I feel greatly obliged to acknowledge our very renowned deceased mathamaticians who are descendents of academician Petrović, namely professors Manojlo Marović, Ernest Stipanić, Tatomir Anđelić, Milorad Bertolino, Milica Dajović and Vojin Dajović, Petar Vasić, Slaviša Prešič, Milivoj Lazić, Zagorka Šnajder, Svetozar Milić, Zoran Ivković, Janez Ušan, Dušan Adamović, Dragoljub Aranđelović, Vladeta Vučković, Bogdan Bajšanski, Ranko Vojanić, Tatjana Ostrogorski, Zoran Popstojanović, Ljuba Protić, Rade Dacić… All of them are have had a connection with academician Mihailo Petrović. Many names have not been mentioned. The information about them, as well as about those who are still active, can be found in the mathematical genealogy of academician Petrović, which is a part of this Catalogue.

**His work in the Academy of Sciences and Arts**

### Academicians Mihailo Petrović, Bogdan Gavrilović and Milutin Milanković (Faculty of Mathematics, University of Belgrade)

As has already been stated, Mihailo Petrović Alas became a correspondent member of the Serbian Royal Academy in 1897 and a full member in 1899. The ceremonial reception was given in 1900, the same year when Jovan Cvijić became a full member of the Serbian Royal Academy. Academician Petrović engaged very actively in Academy’s work. He was a secretary of the Department of Natural Sciences as well as a member of the Executive Board of the Academy. He wrote reviews of mathematical papers published in Glas Academije (Academy Gazette) and presented new candidatess for membership in the Academy. In Glas Srpske kraljevske akademije (Serbian Royal Academy Gazette) he published some sixty papers, thus significantly raising the reputation of the Academy.

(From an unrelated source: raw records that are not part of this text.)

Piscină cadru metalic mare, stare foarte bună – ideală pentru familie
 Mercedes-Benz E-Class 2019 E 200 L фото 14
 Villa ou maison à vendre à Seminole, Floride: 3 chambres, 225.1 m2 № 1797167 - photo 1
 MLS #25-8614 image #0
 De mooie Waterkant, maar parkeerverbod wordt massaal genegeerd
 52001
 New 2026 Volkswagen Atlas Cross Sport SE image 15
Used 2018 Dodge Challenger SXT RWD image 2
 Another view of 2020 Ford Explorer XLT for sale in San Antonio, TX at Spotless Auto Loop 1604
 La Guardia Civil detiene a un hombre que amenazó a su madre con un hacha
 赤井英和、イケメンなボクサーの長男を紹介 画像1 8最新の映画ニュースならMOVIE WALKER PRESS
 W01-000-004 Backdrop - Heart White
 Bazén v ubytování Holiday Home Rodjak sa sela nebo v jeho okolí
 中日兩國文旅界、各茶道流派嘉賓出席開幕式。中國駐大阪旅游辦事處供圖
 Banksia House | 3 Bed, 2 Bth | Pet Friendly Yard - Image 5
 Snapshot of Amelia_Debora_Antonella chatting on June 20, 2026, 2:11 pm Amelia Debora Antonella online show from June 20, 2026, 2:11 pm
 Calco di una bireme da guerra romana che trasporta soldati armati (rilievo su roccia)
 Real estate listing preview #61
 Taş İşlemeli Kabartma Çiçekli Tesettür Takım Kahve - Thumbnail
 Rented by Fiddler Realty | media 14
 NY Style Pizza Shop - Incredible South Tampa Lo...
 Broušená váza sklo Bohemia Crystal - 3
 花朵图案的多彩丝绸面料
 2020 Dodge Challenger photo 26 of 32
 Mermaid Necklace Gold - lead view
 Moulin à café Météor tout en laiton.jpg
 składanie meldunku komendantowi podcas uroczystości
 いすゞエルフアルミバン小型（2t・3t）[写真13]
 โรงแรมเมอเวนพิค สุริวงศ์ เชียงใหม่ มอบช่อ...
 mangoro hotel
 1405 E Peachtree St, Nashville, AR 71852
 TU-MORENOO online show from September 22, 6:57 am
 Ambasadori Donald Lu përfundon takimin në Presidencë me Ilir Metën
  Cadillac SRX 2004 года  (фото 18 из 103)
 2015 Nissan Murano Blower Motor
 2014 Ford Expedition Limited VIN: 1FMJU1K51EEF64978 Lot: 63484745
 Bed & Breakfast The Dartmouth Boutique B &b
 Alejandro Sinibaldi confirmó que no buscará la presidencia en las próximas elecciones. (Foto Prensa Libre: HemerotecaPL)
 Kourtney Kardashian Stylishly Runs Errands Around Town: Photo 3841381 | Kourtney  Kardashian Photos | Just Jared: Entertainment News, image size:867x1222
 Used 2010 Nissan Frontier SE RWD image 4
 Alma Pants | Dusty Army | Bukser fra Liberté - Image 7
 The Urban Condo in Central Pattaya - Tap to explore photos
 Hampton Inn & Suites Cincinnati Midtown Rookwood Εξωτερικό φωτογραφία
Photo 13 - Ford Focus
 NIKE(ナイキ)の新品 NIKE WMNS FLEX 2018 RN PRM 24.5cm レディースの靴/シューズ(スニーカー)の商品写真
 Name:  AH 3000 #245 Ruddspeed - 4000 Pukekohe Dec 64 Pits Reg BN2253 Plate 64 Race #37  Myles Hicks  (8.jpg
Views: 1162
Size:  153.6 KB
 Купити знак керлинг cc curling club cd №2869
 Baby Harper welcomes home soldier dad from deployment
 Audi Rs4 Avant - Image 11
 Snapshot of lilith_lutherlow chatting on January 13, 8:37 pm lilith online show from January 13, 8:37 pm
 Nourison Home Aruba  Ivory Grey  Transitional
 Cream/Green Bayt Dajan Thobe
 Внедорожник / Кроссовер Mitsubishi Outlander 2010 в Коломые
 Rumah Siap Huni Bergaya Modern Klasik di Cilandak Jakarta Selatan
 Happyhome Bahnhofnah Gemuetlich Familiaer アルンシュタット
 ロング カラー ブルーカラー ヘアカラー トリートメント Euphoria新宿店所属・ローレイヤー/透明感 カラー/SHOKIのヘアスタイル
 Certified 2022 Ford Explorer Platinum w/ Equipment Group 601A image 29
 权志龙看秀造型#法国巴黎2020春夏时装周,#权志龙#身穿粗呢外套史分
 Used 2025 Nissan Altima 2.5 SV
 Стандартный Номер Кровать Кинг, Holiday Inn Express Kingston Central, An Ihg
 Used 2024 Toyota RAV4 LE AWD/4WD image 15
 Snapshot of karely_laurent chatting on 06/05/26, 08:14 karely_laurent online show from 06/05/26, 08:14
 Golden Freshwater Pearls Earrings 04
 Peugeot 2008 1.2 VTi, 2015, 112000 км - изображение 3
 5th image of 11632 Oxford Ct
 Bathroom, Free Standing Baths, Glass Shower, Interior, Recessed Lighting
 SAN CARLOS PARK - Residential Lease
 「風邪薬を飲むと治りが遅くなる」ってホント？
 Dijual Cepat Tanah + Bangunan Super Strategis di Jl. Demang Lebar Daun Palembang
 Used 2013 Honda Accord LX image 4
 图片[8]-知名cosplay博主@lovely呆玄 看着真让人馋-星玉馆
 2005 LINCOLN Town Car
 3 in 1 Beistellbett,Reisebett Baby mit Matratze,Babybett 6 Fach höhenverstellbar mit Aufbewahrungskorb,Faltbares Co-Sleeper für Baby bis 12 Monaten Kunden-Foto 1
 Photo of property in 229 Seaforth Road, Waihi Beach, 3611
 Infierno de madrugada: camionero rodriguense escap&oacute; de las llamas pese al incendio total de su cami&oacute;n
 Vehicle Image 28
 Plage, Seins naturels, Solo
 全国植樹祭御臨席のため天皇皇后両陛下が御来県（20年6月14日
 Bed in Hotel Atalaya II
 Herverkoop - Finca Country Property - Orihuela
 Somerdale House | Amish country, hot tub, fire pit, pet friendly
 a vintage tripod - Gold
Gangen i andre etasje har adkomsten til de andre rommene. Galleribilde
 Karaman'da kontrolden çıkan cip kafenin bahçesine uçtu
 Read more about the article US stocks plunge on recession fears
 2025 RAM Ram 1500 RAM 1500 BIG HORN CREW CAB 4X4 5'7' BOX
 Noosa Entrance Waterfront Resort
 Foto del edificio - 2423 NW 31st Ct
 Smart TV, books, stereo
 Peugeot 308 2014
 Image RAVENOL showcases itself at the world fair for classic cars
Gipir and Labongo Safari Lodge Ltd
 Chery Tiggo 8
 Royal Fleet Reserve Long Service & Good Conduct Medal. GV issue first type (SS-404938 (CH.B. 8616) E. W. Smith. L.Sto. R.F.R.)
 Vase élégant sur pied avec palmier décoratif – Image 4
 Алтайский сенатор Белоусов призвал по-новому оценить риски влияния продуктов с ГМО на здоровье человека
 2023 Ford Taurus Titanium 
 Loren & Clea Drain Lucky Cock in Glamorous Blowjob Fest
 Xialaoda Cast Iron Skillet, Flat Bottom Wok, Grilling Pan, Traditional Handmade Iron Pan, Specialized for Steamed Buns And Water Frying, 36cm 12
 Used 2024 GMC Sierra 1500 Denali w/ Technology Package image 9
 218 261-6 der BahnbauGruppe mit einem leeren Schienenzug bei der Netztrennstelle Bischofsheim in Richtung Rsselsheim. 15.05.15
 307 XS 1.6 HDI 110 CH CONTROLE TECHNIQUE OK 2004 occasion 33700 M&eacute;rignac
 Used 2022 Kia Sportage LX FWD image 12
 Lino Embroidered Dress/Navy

In accordance with the tradition we still pursue and honor today, and which has been assumed from the tradition of the French Academy, works by authors outside the Academy were referred to by Academy members. In these activities, Mihailo Petrović was very active, particularly due to the fact that his students published a great number of their most important papers precisely in Glas Srpske kraljevske akademije. He promoted an entire series of academicians, for example Bogdan Gavrilović in 1900, Milutin Milanković, Anton Bilinović and Jovan Karamata.

Jovan Cvijić, Mihailo Petrović and Bogdan Gavrilović invited in 1909 Milutin Milanković to transfer from Vienna to the University of Belgrade, which he accepted. They proposed Milanković for correspondent member of the Academy in 1920 and for full member in 1925. When Jovan Cvijić died in 1927, Petrović was the most serious candidate for the president of the Serbian Royal Academy, however Slobodan Jovanović was eventually elected.

### The Academy building, constructed in 1924, designed by Dragutin Đorđević and Andre Stevanović in the style of academic realism, with elements of art nouveau (author: Dragan Aćimović, 2018)

Jovan Karamata was promoted to an Academy member in 1939. To his teacher, Mihailo Petrović, he provided great assistance in systematizing academic publications. It is owing to him and to the great desire of Mihailo Petrović to catalogue his papers and his legacy that today we have a comparitive wealth of data about his life and work.